Pourtant, il n’est pas difficile de considérer que la prohibition des pratiques prostitutionnelles ne peut que conduire à davantage de précarité et de vulnérabilité, à une plus grande exposition aux violences (dont les violences policières) de celles et ceux qui les exercent. Par ailleurs, la pénalisation des « usagers », nous disent des travailleurs de sexe, est la très fausse bonne solution qui ne fait que produire les mêmes effets : conduire à une logique de clandestinité.
Nous retrouvons ici le « cas » caractéristique de la prohibition des usages de drogues : « c’est pour votre bien », affirment politiciens, flics, juges et soignants (ils sont de plus en plus nombreux cependant à en douter)…, alors même que l’on rend plus précaires, plus risqués, moins éclairés les usages de drogues en favorisant aussi des modes de sociabilité parfois catastrophiques.

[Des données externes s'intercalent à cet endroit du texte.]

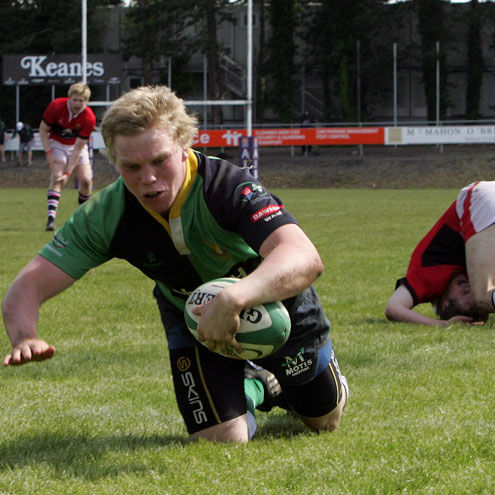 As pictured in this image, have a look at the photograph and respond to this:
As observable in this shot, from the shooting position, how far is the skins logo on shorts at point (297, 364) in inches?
165

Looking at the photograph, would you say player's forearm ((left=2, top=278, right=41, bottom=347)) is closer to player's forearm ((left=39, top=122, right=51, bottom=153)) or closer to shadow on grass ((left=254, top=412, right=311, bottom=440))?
shadow on grass ((left=254, top=412, right=311, bottom=440))

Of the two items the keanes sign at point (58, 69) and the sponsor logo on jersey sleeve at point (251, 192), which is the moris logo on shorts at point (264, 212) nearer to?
the sponsor logo on jersey sleeve at point (251, 192)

Or ce « bien » correspond à une logique de minorisation, de pathologisation et, au bout, de criminalisation, des travailleurs du sexe comme des usagers de drogues. Cela correspond aussi à un certain effroi lorsqu’il faut penser d’autres rapports au corps. Comme le disait un travailleur du sexe : tout le monde n’es pas fait pour la prostitution mais certain(e)s l’expérimentent comme une activité parfaitement intégrable dans leur vie. Donnons donc des droits à l’exercice du travail du sexe et on donnera alors à celles et ceux qui l’exercent une véritable protection (une prostituée disait avec humour : en ayant aussi, par exemple, le droit à une reconversion professionnelle). Par ailleurs, n’existe-t-il en Nouvelle Zélande des maisons closes autogérées sous des régimes coopératifs ?
De la même façon laissons ouverte la possibilité de consommer des drogues d’une façon éclairée, en permettant l’information, la circulation et le partage d’expériences entre pairs. Et la prise de risques diminuera. Prendre soin suppose ici, plus que jamais, prendre soin des conditions sociales, donc collectives, d’une pratique.
Lors de cette rencontre nous invitons Thierry Schaffauser du STRASS, syndicat de travailleurs du sexe, Maxime Maes, fondateur du collectif UTSOPI d’entraide de travailleurs du sexe bruxellois et une représentante du collectif Rose d’acier qui regroupe des travailleuses du sexe majoritairement d’origine chinoise. Nous compterons aussi avec la présence de Fabrice Olivet de l’association ASUD (auto-support d’usagers de drogues).
Ils mènent tous un combat contre la prohibition indissociable du partage de ces expériences singulières qui ont trait aux limites de ce qui est institué comme normalité dans les rapports à notre corps et les échanges entre les corps, leurs affects et perceptions.